But later that year, a Canadian named Jake Eberts — who ran the American-owned Goldcrest Films — was in England producing a small film that no major studio wanted to touch either — ‘Chariots of Fire.’ He met with Attenborough and asked to see the Gandhi script. Flipping through it and only reading certain parts, he immediately told Attenborough that Goldcrest would give him whatever funding he needed.
By the time Attenborough arrived in Los Angeles to sign the contract, Eberts already had a shooting schedule and crew waiting. All that was left to do was cast the lead.
Alec Guinness (now a household name due to ‘Star Wars’) was still offered the part, but said he was “too old and too fat” to play Gandhi. Albert Finney, Peter Finch, and Anthony Hopkins all passed on it as well. British actor John Hurt was everyone’s favorite for the part; he was thin enough and had a darker complexion than most. But a lifetime of playing rugby had given him these massive thighs … it just wouldn’t work.

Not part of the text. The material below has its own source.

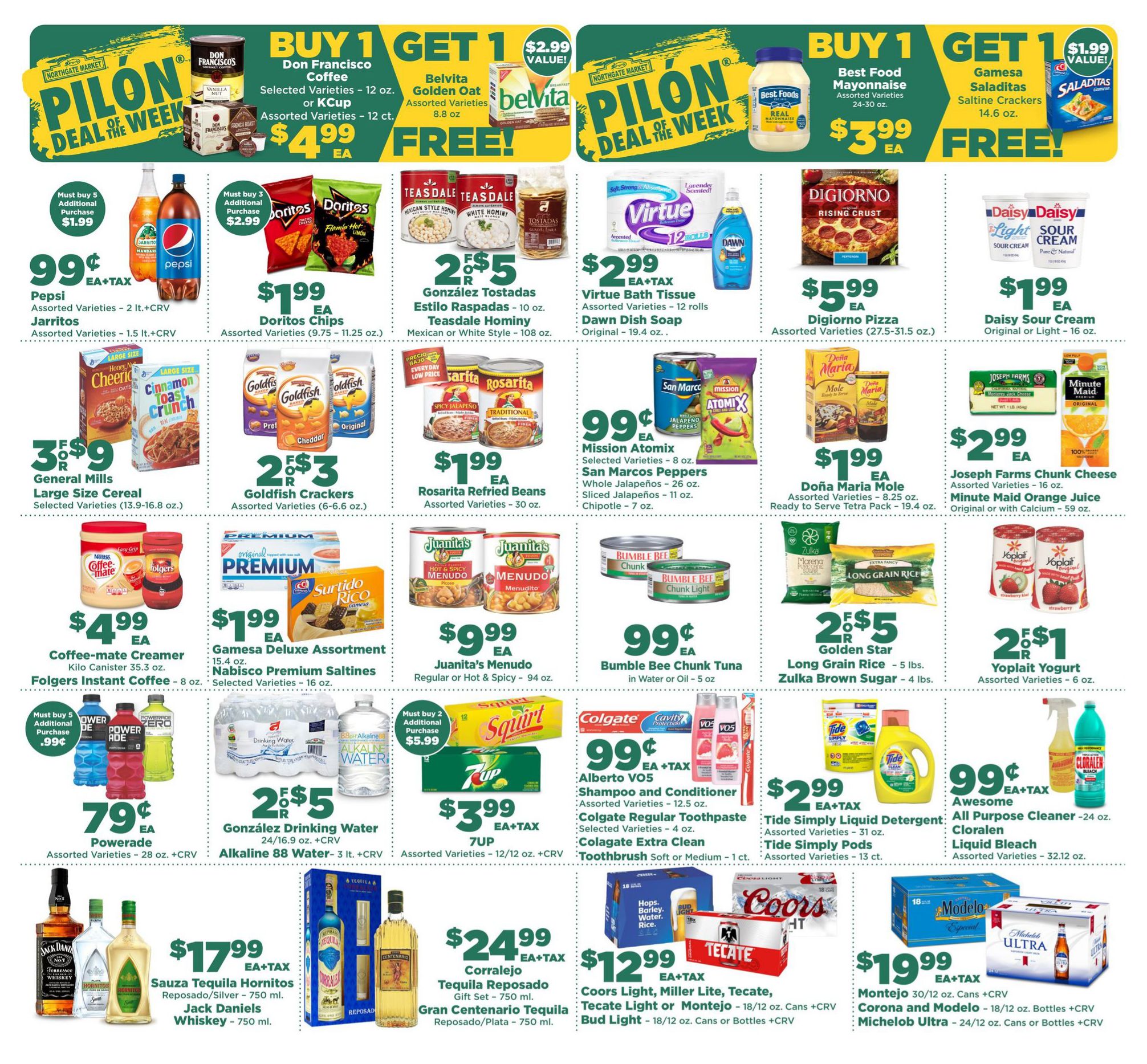 Northgate Market Dia De La Candelaria Weekly Ad Flyer January 27 to February 2, 2021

Attenborough’s son had seen someone in a local play who he thought would work. His name was Krishna Pandit Bhanji, and he was half Indian. Although he had never worked in film before, his audition jumped out at everyone present. He was hired on the spot, but first he had one request. Could he appear under his stage name — Ben Kingsley.
After a private screening for Prince Charles and Princess Diana, ‘Gandhi’ premiered in New Delhi in November of 1982. It opened across North America in early 1983, and then the rest of the world. It was nominated for eleven Academy Awards (winning eight), and was one of the highest grossing films ever made.
Attenborough dedicated the film to Motilal Kothari, Jawaharlal Nehru, and Lord Lois Mountbatten. It had only taken him 20 years to make.